Bradley Burston is making a lot of sense. I particularly liked the following excerpt because it is something that has been on my wish list for a while.

What if, in an evolving Middle East, people speaking about the Israel-Palestine issue actually spoke their hearts. For example, what if high-profile voices on the right, actually, finally, came out with the unvarnished bottom line:

“I want my settlements.”

Even for some of the most erudite and intellectually credentialed of neo-cons, it comes down to this. A measure of the ferocity of the attacks against the likes of NGOs, the New Israel Fund, J Street, Peace Now, has to do with the challenges that they pose to unbridled settlement expansion and permanent occupation.

As far as I’m concerned, “I want my settlements” is as valid, and certainly as honest, an argument as anyone needs to make. At long last we can have a real discussion. I fully respect the fact that you want your settlements. I don’t. Now we’re getting somewhere.

The other argument that the government hesitates to make is that “We have to stay in East Jerusalem and Judea and Samaria because God and His Bible want us to.” I respect that as well. It’s honest. For the record, His book tells me the opposite.

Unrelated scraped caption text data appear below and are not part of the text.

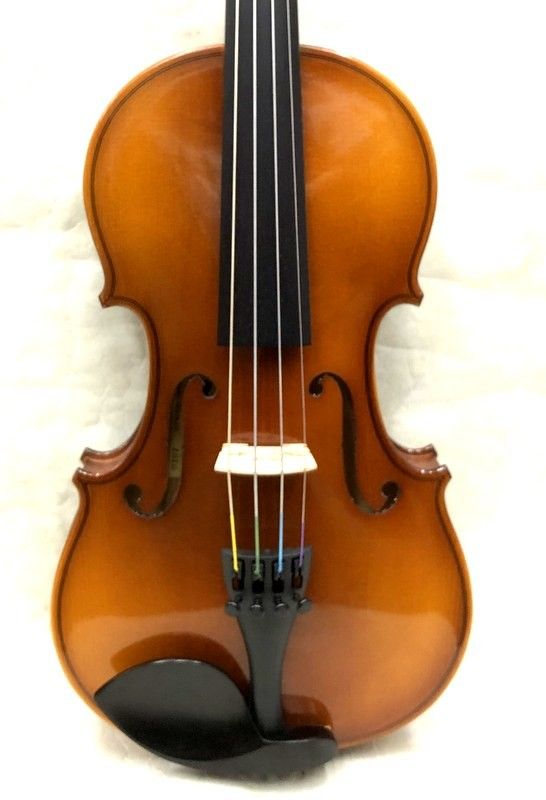 Reghin 1/2サイズ【レジン】 | 【クロサワ楽器店オンラインショップ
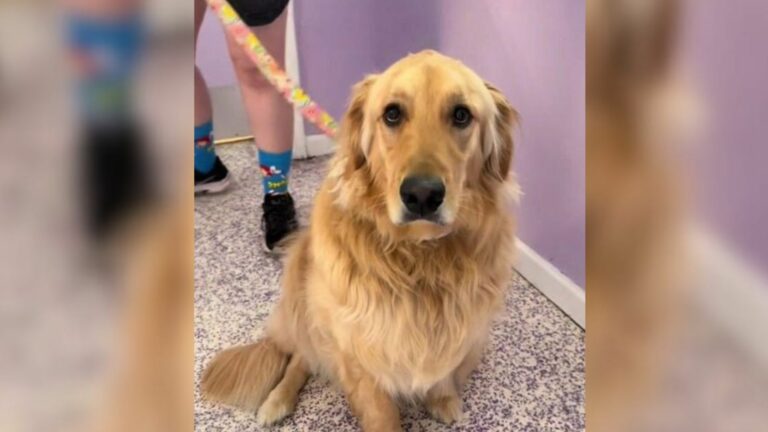 golden retriever left at shelter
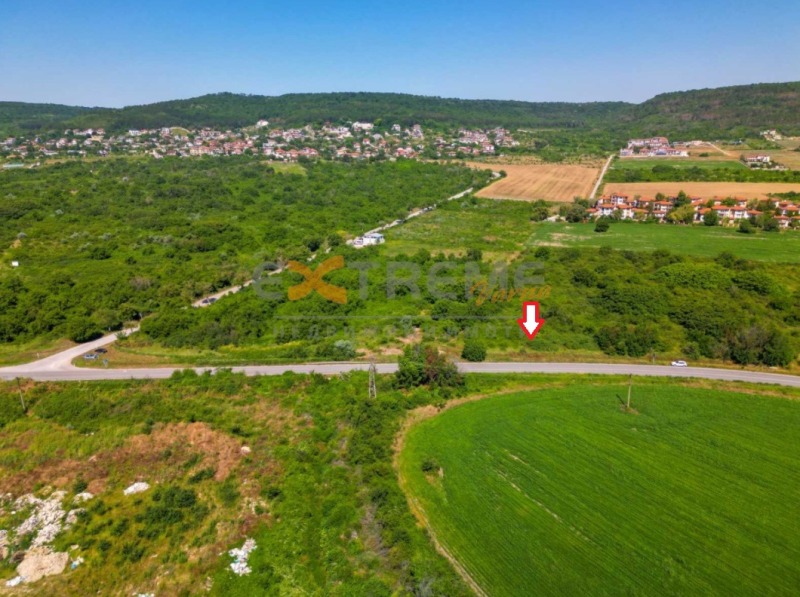 For Sale  Plot region Dobrich , Rogachevo , 5020 sq.m | 17267631 - image [2]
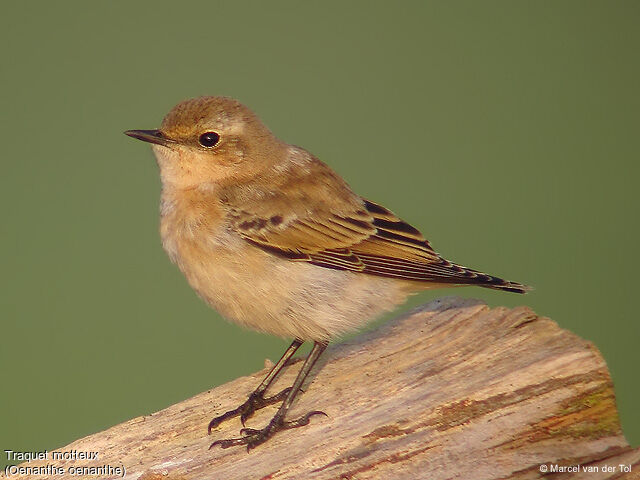 Northern Wheatear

Of course, whenever you are asking people on the right to make honest arguments and reveal their true motives, you’re spitting in the wind, whistling past the graveyard…pick whatever analogy you want. But it would be nice if we could place our true cards on the table and see how much support there is for our arguments without the aid of distortion and obfuscation.

Burston describes the mood in Israel as a “sabra-grade panic, a black dread.” And, without providing any supporting evidence, he asserts:

Some of the very rightists who for years have pointed to hasty, unilateral Israeli withdrawals from Lebanon and Gaza as proof that no withdrawal can ever work, that pullouts lead only to war, have changed their tune overnight.

Suddenly, Burston says, Land for Peace seems like a good idea again. I’d like to believe him, but I’ve seen the exact opposite conclusion bandied about, which is that Israel now feels far too insecure to even consider making concessions, and that the peace process is as dead as a doornail. I think I would have to live in Israel and work among its people for me to have a feel for which argument is more accurate.

I do hope, at a minimum, that Israel gets rid of Netanyahu’s government and puts someone new in change. New times call for new thinking.